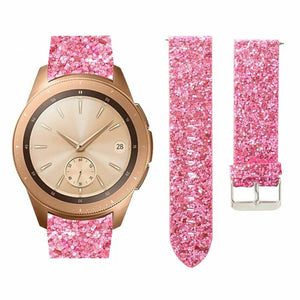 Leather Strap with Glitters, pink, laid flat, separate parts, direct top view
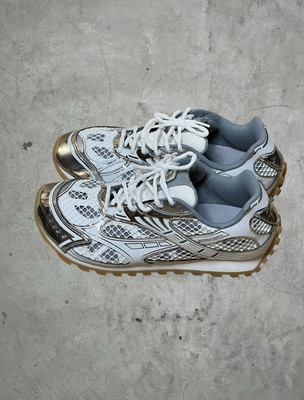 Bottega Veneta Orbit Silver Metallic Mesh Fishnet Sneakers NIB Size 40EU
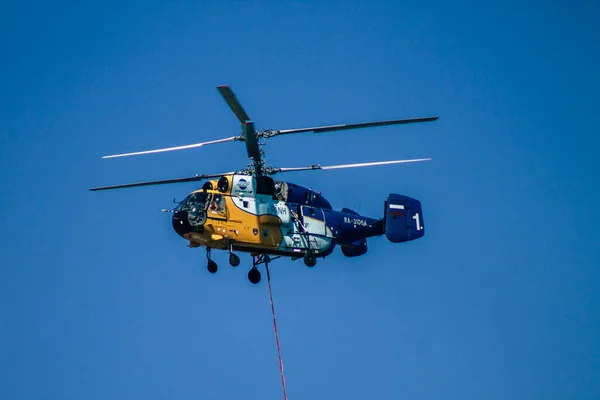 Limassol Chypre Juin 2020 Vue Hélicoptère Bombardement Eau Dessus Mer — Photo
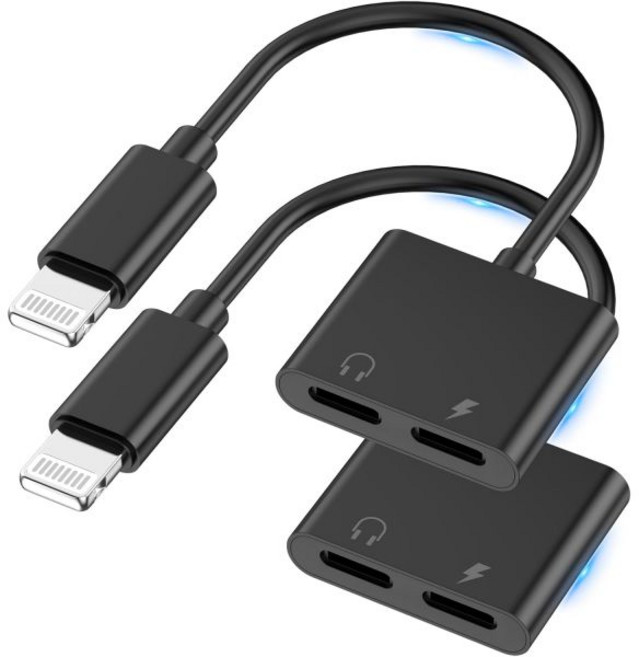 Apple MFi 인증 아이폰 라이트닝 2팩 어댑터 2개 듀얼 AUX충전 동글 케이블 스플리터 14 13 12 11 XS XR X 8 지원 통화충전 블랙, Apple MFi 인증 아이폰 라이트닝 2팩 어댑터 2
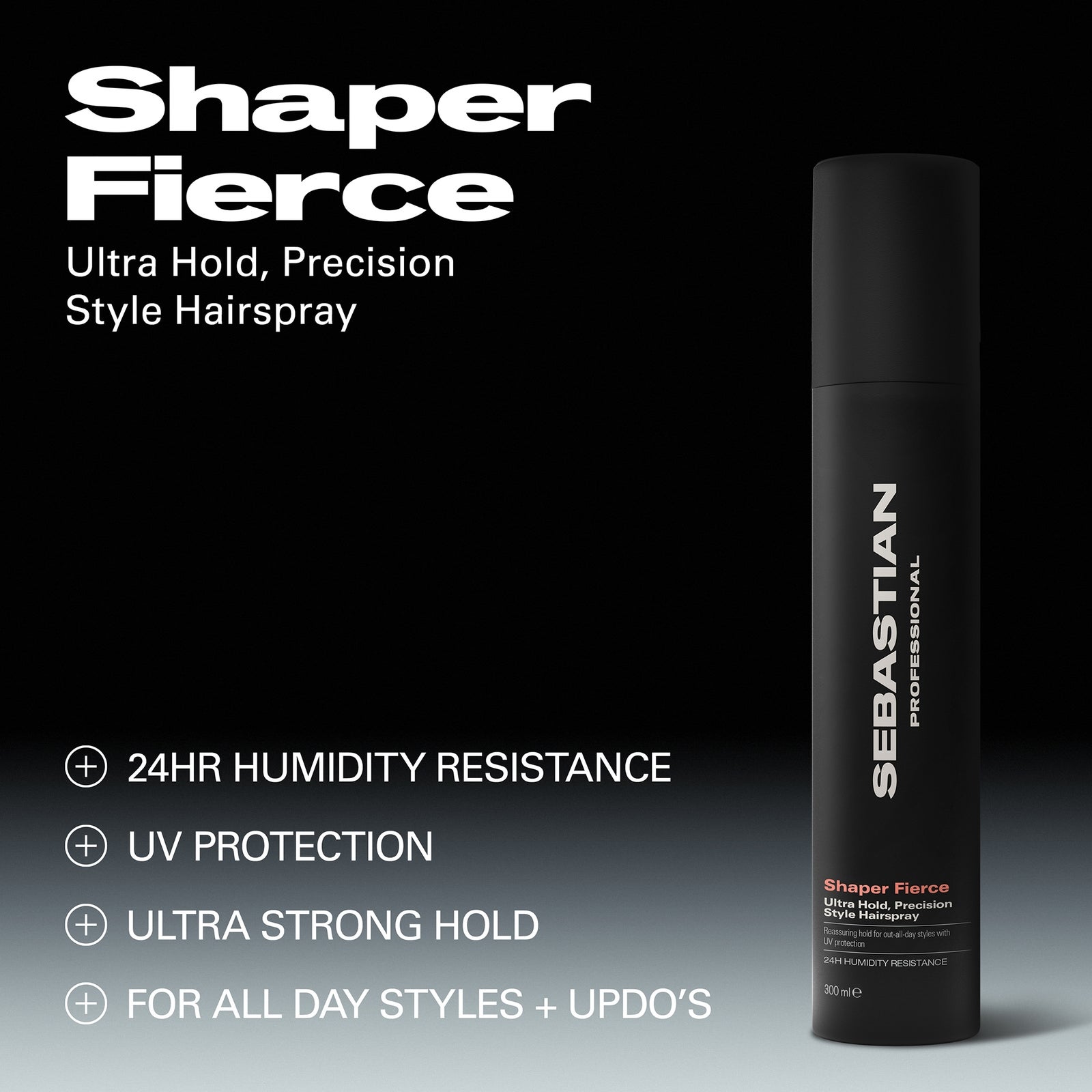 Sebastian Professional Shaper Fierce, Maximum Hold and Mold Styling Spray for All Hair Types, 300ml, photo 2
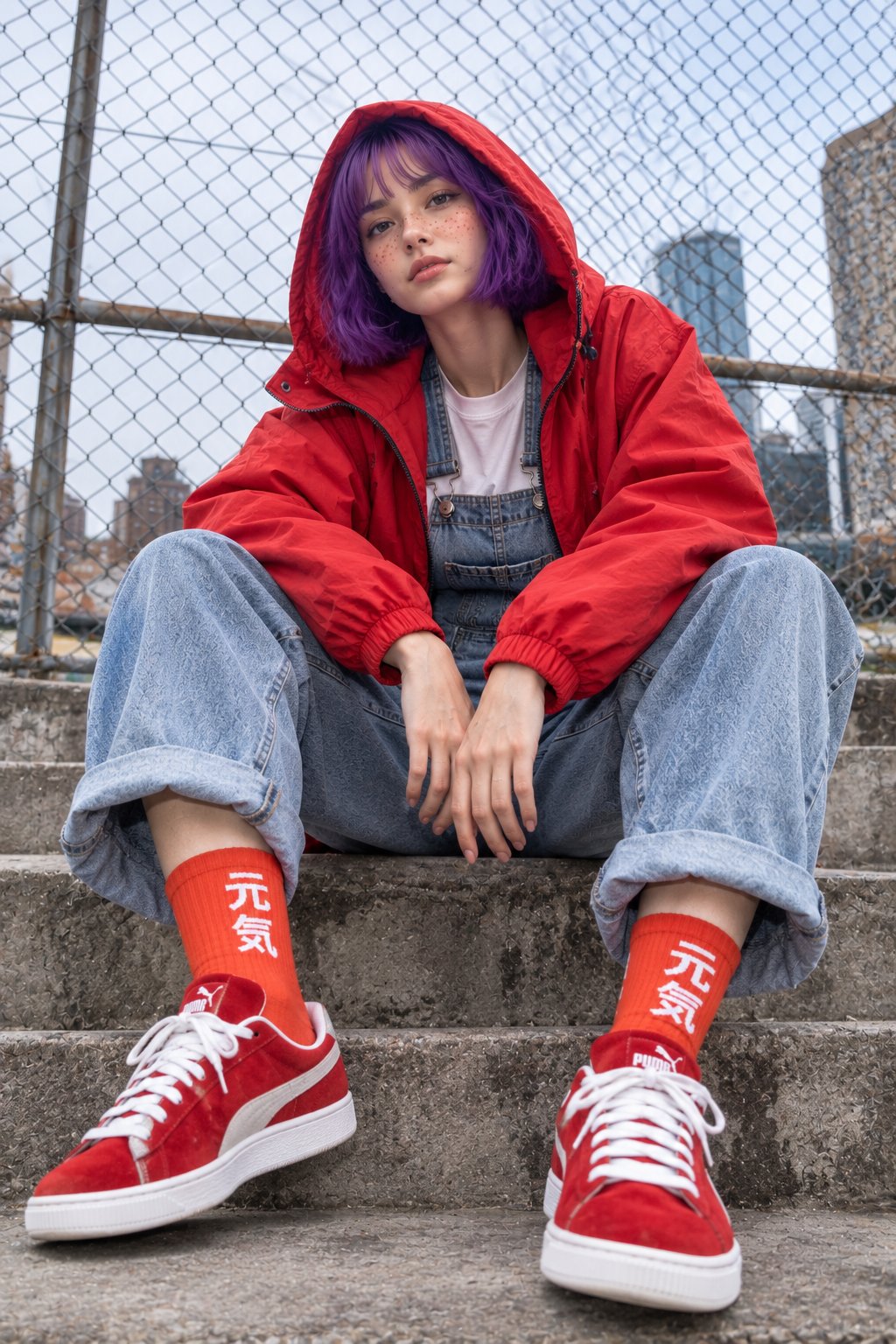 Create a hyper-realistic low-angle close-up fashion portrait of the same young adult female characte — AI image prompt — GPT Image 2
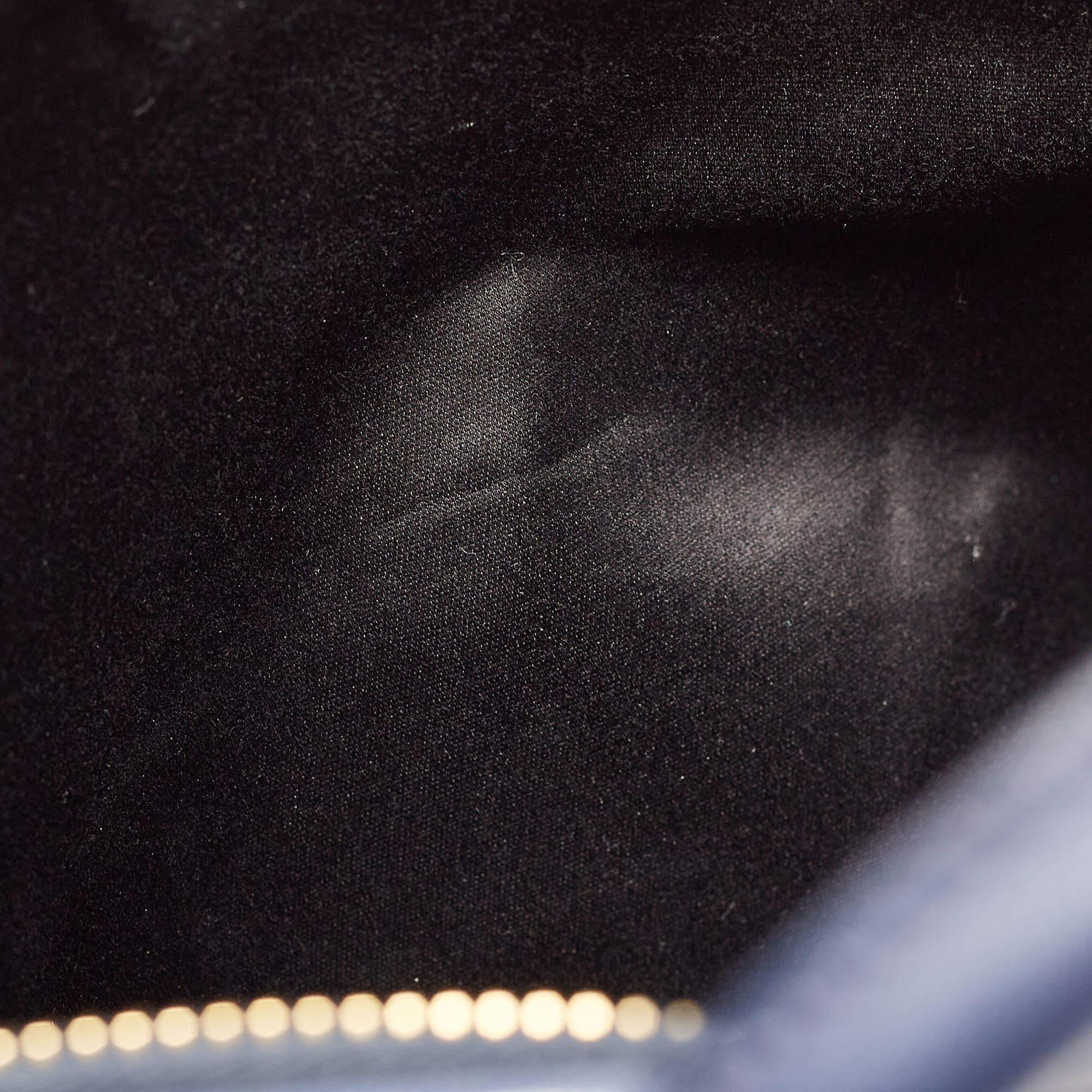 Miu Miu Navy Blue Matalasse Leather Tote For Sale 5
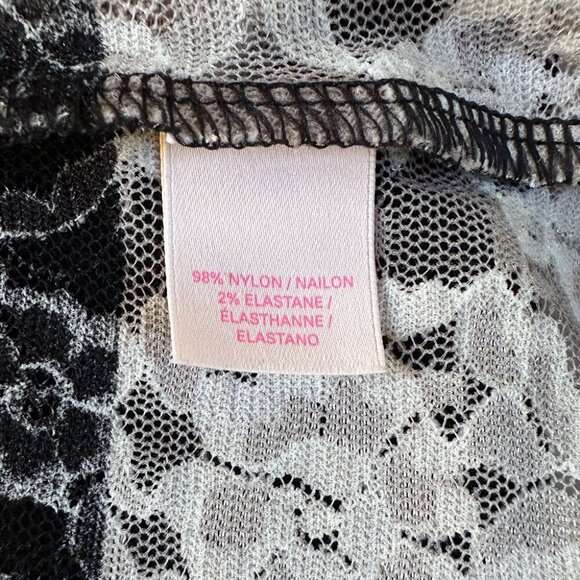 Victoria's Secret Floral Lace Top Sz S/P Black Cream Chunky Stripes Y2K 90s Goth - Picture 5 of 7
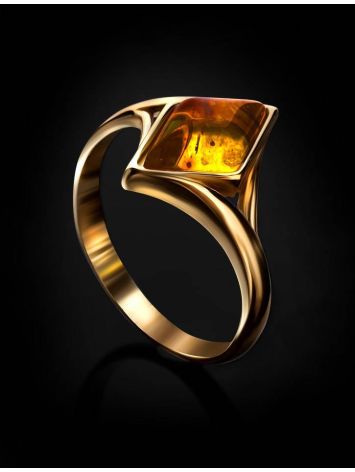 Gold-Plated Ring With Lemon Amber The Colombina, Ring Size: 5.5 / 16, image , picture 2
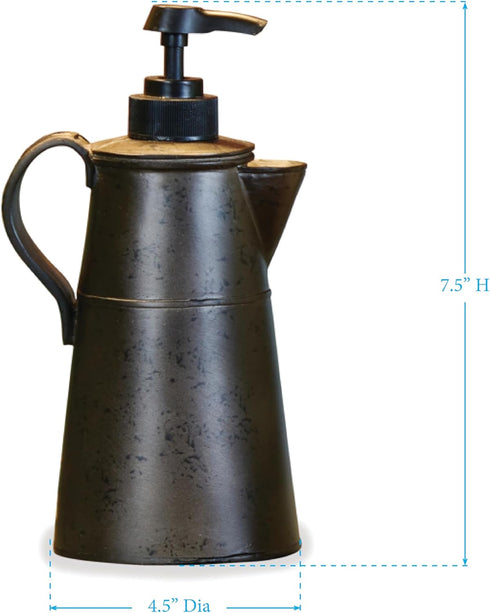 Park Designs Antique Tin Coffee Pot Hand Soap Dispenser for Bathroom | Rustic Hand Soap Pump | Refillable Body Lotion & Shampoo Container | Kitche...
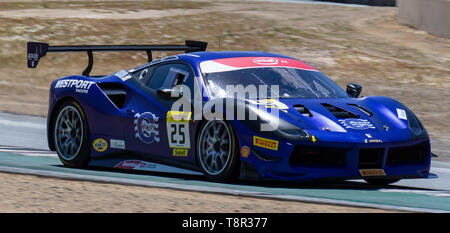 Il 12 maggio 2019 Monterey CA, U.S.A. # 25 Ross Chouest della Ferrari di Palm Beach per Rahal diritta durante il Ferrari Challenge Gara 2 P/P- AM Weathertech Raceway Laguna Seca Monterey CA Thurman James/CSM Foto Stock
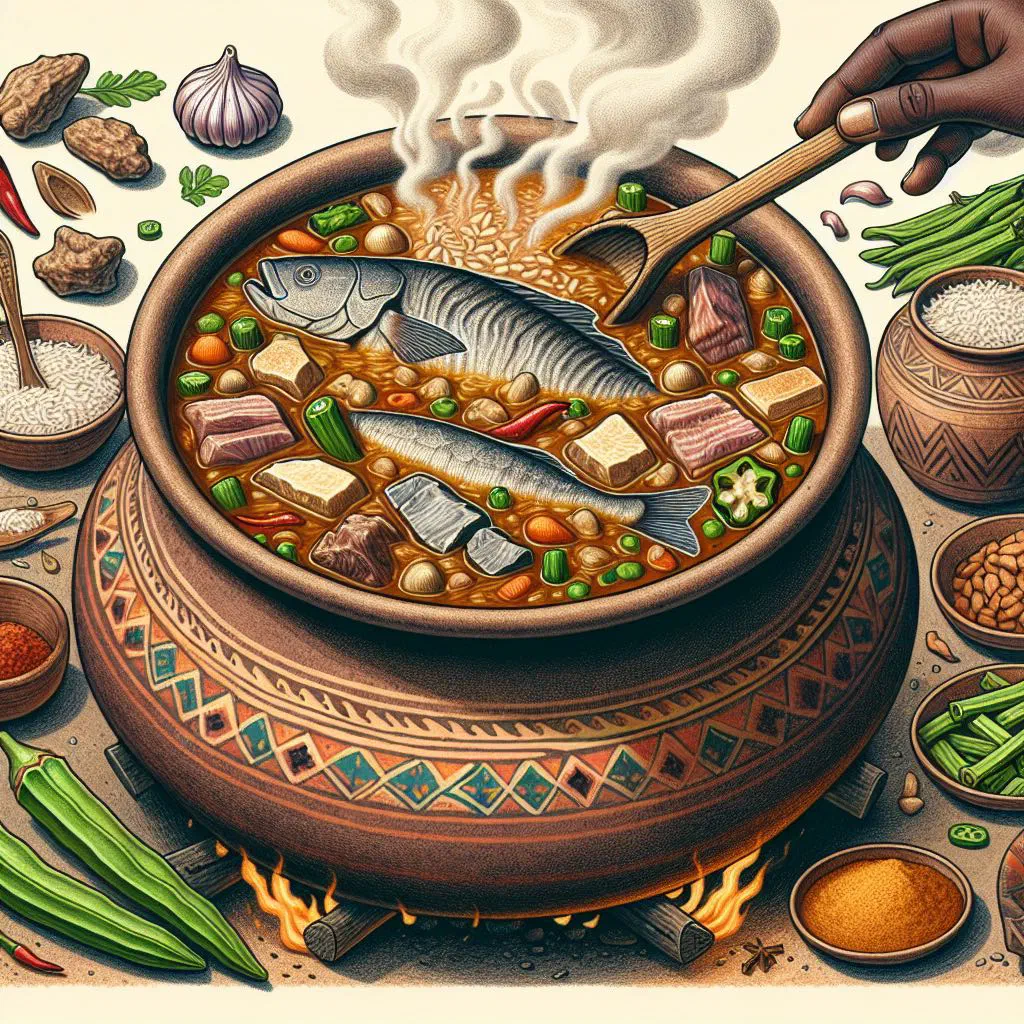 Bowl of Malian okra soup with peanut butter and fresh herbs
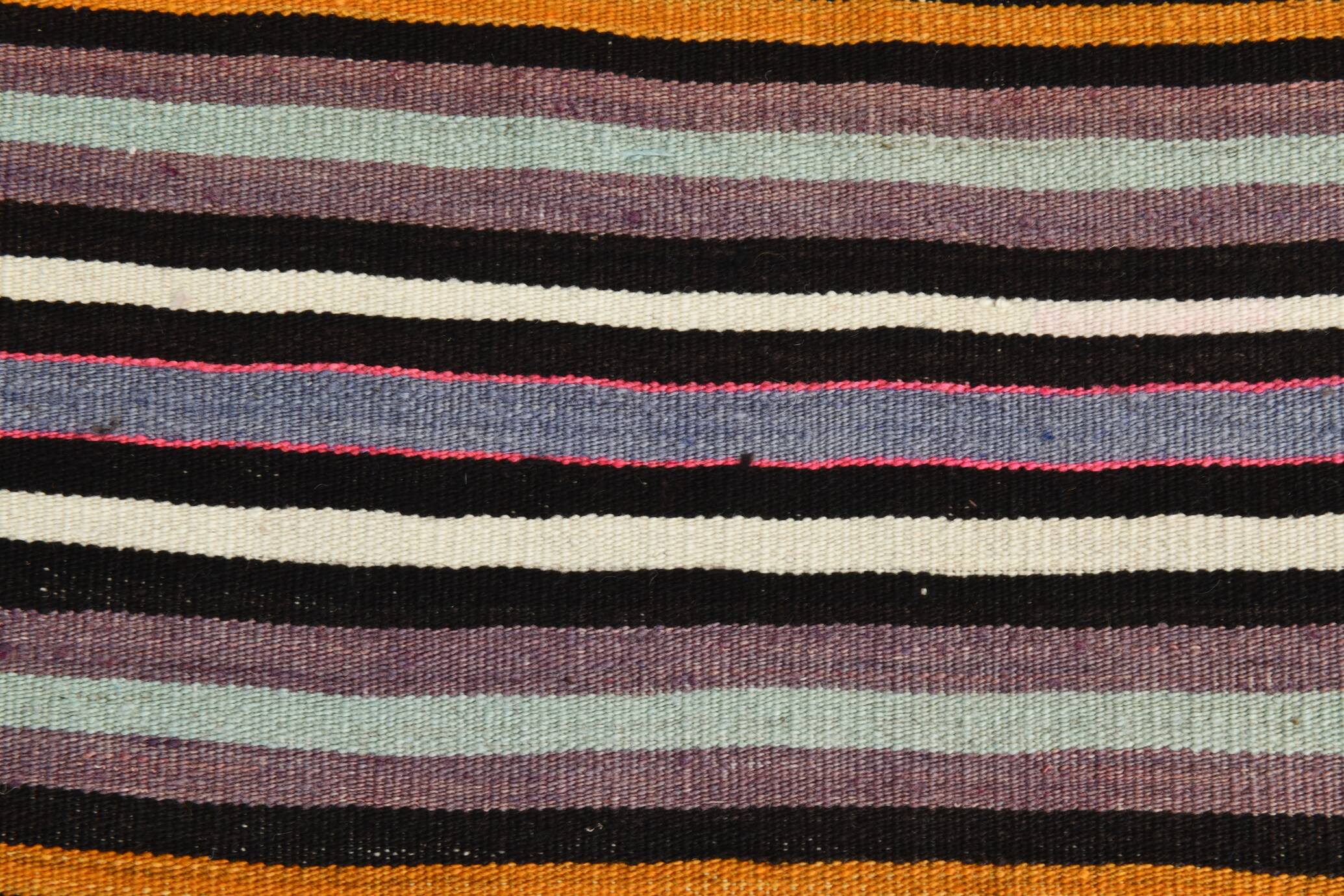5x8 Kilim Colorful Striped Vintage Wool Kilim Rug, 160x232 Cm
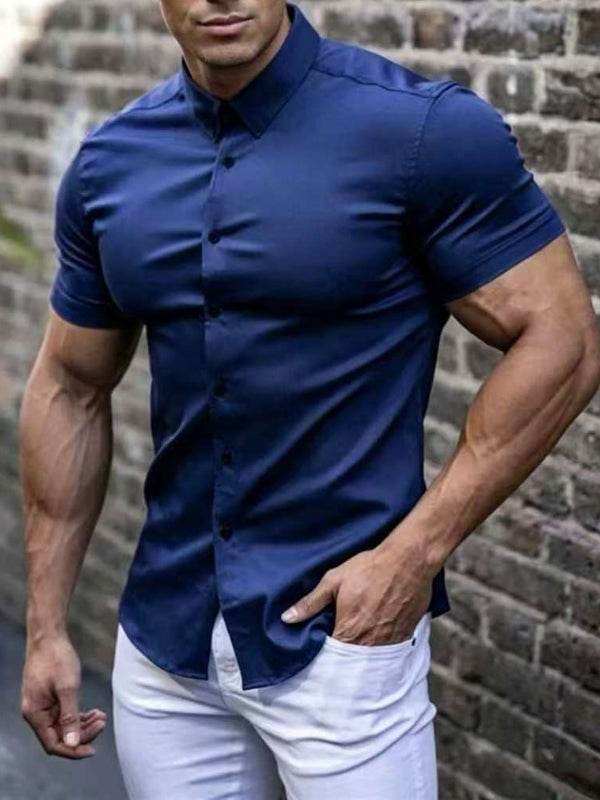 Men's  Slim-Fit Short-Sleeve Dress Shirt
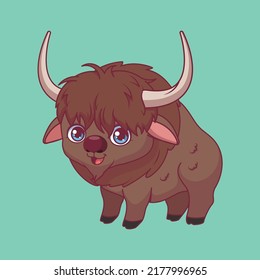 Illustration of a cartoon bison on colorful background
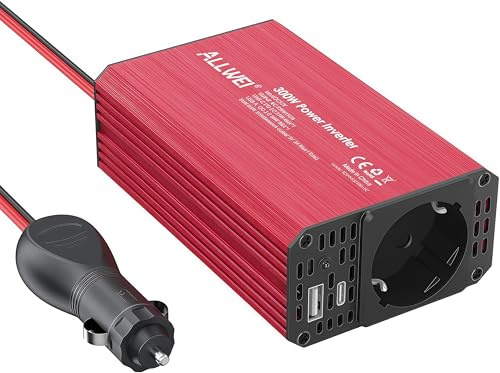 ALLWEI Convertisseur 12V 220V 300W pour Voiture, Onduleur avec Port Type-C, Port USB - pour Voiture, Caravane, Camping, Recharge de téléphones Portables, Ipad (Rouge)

YOUR ASSIGNMENT » Repeat each line of the records exactly, dropping the pictures.

EXERCISE RESPONSE »
 Leather Strap with Glitters, pink, laid flat, separate parts, direct top view
 Bottega Veneta Orbit Silver Metallic Mesh Fishnet Sneakers NIB Size 40EU
 Limassol Chypre Juin 2020 Vue Hélicoptère Bombardement Eau Dessus Mer — Photo
 Apple MFi 인증 아이폰 라이트닝 2팩 어댑터 2개 듀얼 AUX충전 동글 케이블 스플리터 14 13 12 11 XS XR X 8 지원 통화충전 블랙, Apple MFi 인증 아이폰 라이트닝 2팩 어댑터 2
 Sebastian Professional Shaper Fierce, Maximum Hold and Mold Styling Spray for All Hair Types, 300ml, photo 2
 Create a hyper-realistic low-angle close-up fashion portrait of the same young adult female characte — AI image prompt — GPT Image 2
 Miu Miu Navy Blue Matalasse Leather Tote For Sale 5
 Victoria's Secret Floral Lace Top Sz S/P Black Cream Chunky Stripes Y2K 90s Goth - Picture 5 of 7
 Gold-Plated Ring With Lemon Amber The Colombina, Ring Size: 5.5 / 16, image , picture 2
 Park Designs Antique Tin Coffee Pot Hand Soap Dispenser for Bathroom | Rustic Hand Soap Pump | Refillable Body Lotion & Shampoo Container | Kitche...
 Il 12 maggio 2019 Monterey CA, U.S.A. # 25 Ross Chouest della Ferrari di Palm Beach per Rahal diritta durante il Ferrari Challenge Gara 2 P/P- AM Weathertech Raceway Laguna Seca Monterey CA Thurman James/CSM Foto Stock
 Bowl of Malian okra soup with peanut butter and fresh herbs
5x8 Kilim Colorful Striped Vintage Wool Kilim Rug, 160x232 Cm
 Men's  Slim-Fit Short-Sleeve Dress Shirt
 Illustration of a cartoon bison on colorful background
 ALLWEI Convertisseur 12V 220V 300W pour Voiture, Onduleur avec Port Type-C, Port USB - pour Voiture, Caravane, Camping, Recharge de téléphones Portables, Ipad (Rouge)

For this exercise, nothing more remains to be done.